Influences of the QBO can even be found at mid and high latitudes.
It is widely accepted that the phase descent of alternating tropical
easterlies and westerlies is driven by atmospheric waves of both
global scale (equatorial wave modes like Kelvin, equatorial Rossby,
Rossby-gravity, or inertia-gravity waves), as well as mesoscale gravity waves.
However, the relative distribution of the different types of waves
to the forcing of the QBO winds is highly uncertain.
This is the case because until recently there were no high resolution
long-term global measurements in the stratosphere.
In our study we estimate Kelvin wave momentum flux and
the contribution of zonal wind forcing by
Kelvin waves based on
space-time spectra determined from both
Sounding of the Atmosphere using Broadband Emission Radiometry (SABER)

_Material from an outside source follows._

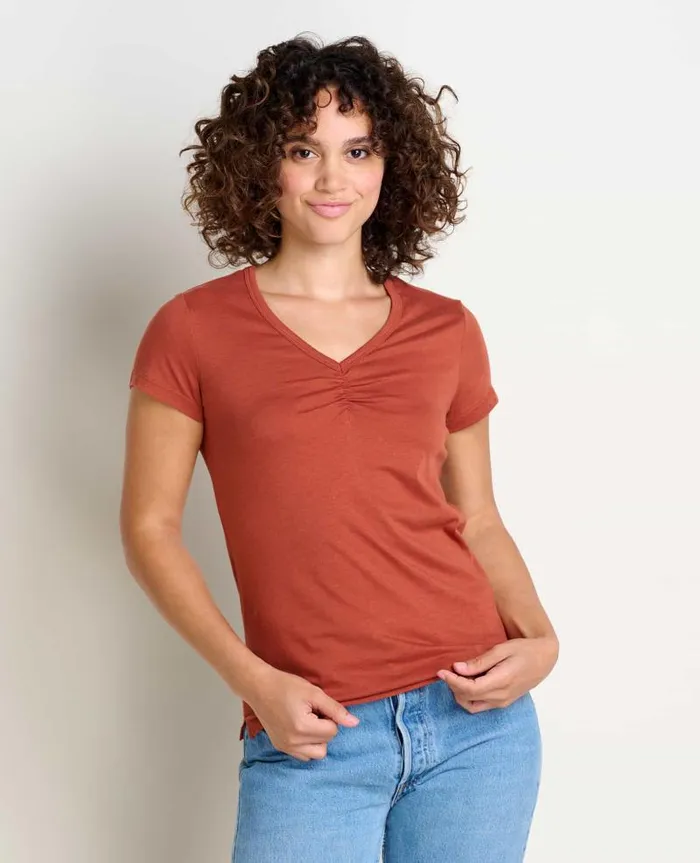 Women Shirts and Tops Toad and Co Rose Short Sleeve Tee Cinnamon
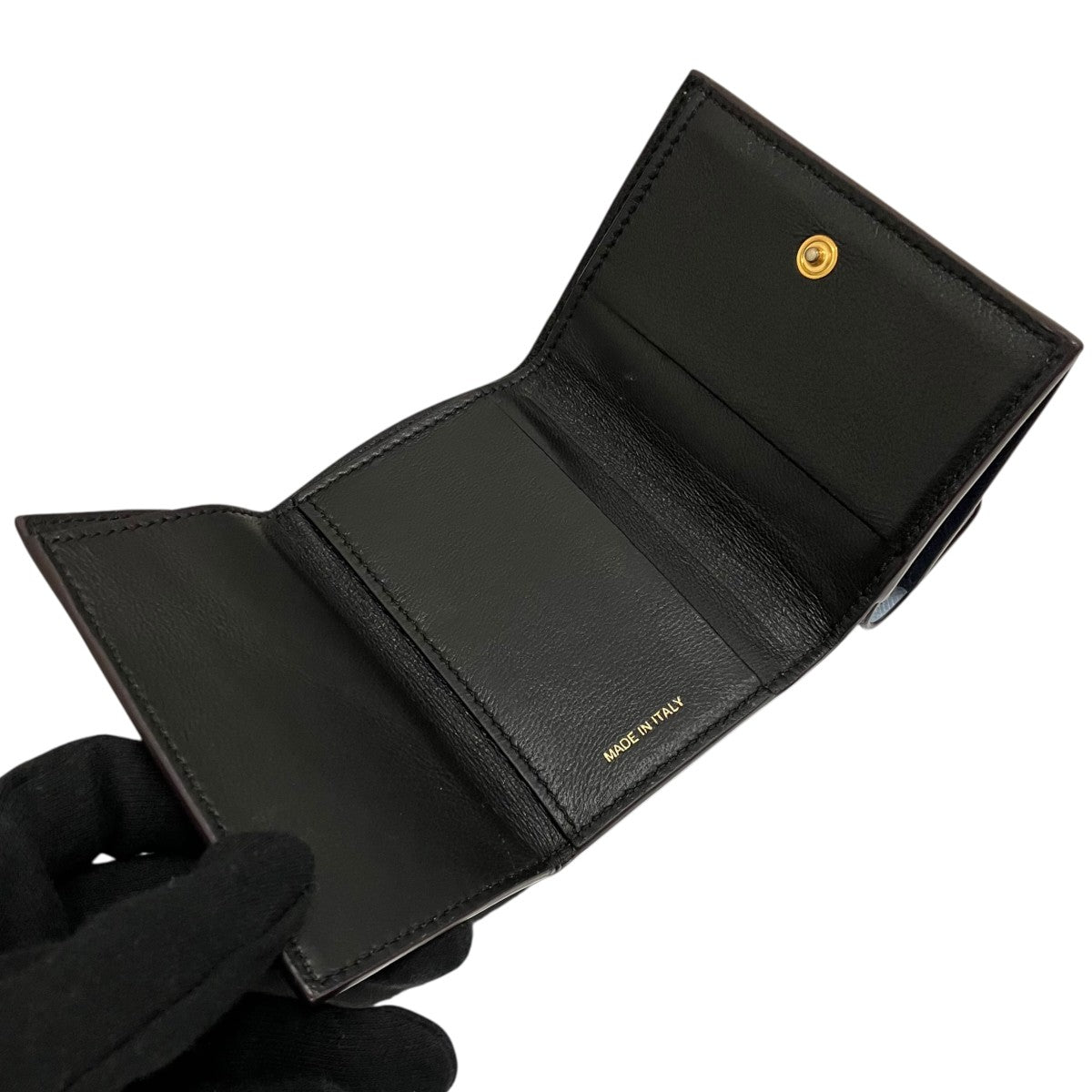 MARNI 20AWサフィアーノレザー三つ折り財布PFMOW02U23 古着・中古-8枚目のアイテム画像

temperature measurements as well as temperatures from
European Centre for Medium-Range Weather Forecasts (ECMWF)
operational analyses.
Peak values of total Kelvin wave zonal wind forcing found
are about 0.2 m/s/day.
There is good agreement between SABER and ECMWF results.
Altitude-time cross sections are shown and
the results are compared to the total wave forcing required to balance the
background atmosphere.
Sometimes Kelvin wave forcing is sufficient to explain almost the whole
total wave forcing required for the momentum balance
during the transition from QBO easterly to westerly winds.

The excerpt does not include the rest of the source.